#### PROBLEM STATEMENT
From the line that includes "The following example" to the closing line of the data, please transcribe every line exactly and add nothing.

──────

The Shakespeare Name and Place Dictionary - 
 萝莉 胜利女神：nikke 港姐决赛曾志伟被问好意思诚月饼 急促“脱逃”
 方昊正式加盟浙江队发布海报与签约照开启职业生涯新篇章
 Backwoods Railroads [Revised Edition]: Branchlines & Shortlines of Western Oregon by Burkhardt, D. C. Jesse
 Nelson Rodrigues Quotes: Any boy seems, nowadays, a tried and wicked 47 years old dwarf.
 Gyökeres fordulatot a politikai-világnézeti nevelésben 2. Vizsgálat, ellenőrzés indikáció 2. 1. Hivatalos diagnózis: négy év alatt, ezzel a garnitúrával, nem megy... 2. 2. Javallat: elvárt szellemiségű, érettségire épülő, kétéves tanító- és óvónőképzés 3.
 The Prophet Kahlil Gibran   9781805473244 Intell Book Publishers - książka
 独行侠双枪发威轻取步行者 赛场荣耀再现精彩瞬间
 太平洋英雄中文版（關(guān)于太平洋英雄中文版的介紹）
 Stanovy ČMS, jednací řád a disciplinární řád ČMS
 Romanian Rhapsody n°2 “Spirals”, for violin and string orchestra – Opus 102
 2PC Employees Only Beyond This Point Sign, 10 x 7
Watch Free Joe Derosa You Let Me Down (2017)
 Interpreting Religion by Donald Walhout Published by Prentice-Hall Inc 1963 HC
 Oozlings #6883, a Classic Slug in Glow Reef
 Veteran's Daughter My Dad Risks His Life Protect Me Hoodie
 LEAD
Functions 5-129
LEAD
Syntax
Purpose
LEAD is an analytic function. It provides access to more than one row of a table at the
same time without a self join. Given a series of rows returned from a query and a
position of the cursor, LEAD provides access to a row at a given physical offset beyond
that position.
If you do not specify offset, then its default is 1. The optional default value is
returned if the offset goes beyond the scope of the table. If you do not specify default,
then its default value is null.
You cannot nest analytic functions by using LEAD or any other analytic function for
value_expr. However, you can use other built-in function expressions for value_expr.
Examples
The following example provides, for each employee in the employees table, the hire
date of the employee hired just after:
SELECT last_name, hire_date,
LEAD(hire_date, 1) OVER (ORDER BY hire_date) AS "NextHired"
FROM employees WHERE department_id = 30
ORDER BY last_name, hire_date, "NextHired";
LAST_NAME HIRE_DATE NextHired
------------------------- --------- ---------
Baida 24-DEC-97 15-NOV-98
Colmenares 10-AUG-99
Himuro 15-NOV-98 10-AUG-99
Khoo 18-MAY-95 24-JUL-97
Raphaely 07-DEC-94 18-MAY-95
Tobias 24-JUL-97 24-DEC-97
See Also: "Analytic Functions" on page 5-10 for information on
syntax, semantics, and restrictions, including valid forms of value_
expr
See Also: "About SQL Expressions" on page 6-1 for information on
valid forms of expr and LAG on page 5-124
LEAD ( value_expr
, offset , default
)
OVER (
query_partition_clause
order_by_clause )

──────

#### ANSWER BOX
The following example provides, for each employee in the employees table, the hire
date of the employee hired just after:
SELECT last_name, hire_date,
LEAD(hire_date, 1) OVER (ORDER BY hire_date) AS "NextHired"
FROM employees WHERE department_id = 30
ORDER BY last_name, hire_date, "NextHired";
LAST_NAME HIRE_DATE NextHired
------------------------- --------- ---------
Baida 24-DEC-97 15-NOV-98
Colmenares 10-AUG-99
Himuro 15-NOV-98 10-AUG-99
Khoo 18-MAY-95 24-JUL-97
Raphaely 07-DEC-94 18-MAY-95
Tobias 24-JUL-97 24-DEC-97
See Also: "Analytic Functions" on page 5-10 for information on
syntax, semantics, and restrictions, including valid forms of value_
expr
See Also: "About SQL Expressions" on page 6-1 for information on
valid forms of expr and LAG on page 5-124
LEAD ( value_expr
, offset , default
)
OVER (
query_partition_clause
order_by_clause )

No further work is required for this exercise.